[Dataset section Boundary: Start]

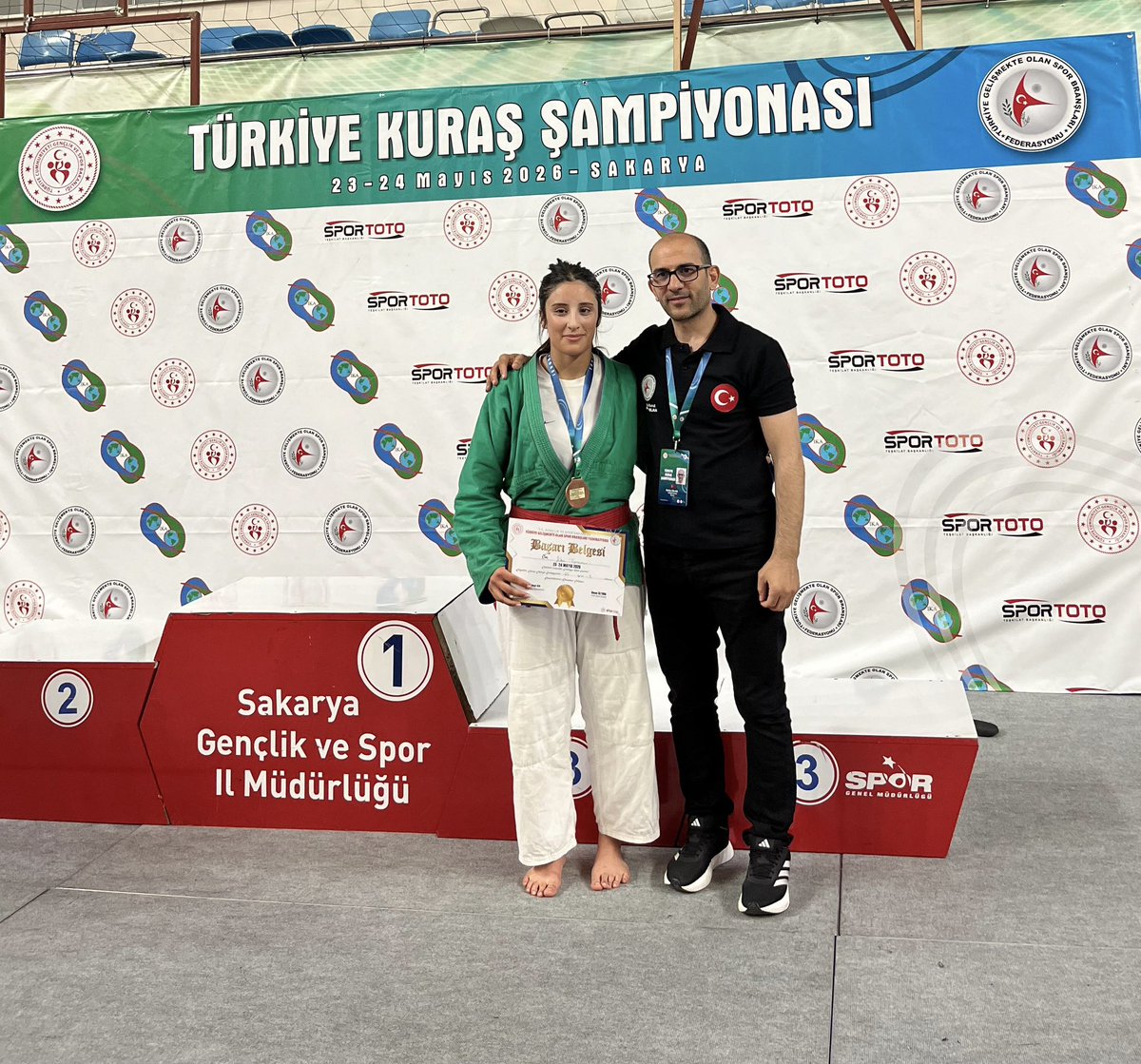rakip49's tweet photo. 23-24 Mayıs 2026 tarihlerinde Sakarya ilinde yapılan Büyükler Kuraş Türkiye Şampiyonasında
63 kg Şilan TORAMAN 🥉
73 kg Musa KARAKOÇ 🥉olmuşlrdır.Bize destek veren herkese çok teşekkür ederim🙏 https://t.co/4aZWxsjzSK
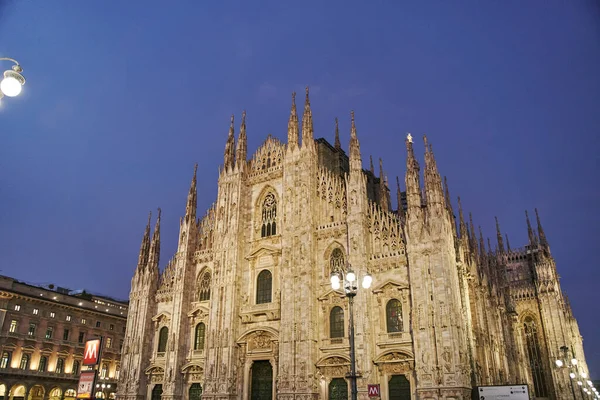 Mediolan, Włochy - 10 października 2021: Katedra w Mediolanie na placu Piazza Duomo wieczorem, Mediolan. Katedra w Duomo — Zdjęcie stockowe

[Dataset section Boundary: End]

Beginning with the line where "63 kg Şilan TORAMAN 🥉" appears, restate word for word every line down to the last one in the data, but keep the pictures out.

▶ _Result for this exercise_
63 kg Şilan TORAMAN 🥉
73 kg Musa KARAKOÇ 🥉olmuşlrdır.Bize destek veren herkese çok teşekkür ederim🙏 https://t.co/4aZWxsjzSK
 Mediolan, Włochy - 10 października 2021: Katedra w Mediolanie na placu Piazza Duomo wieczorem, Mediolan. Katedra w Duomo — Zdjęcie stockowe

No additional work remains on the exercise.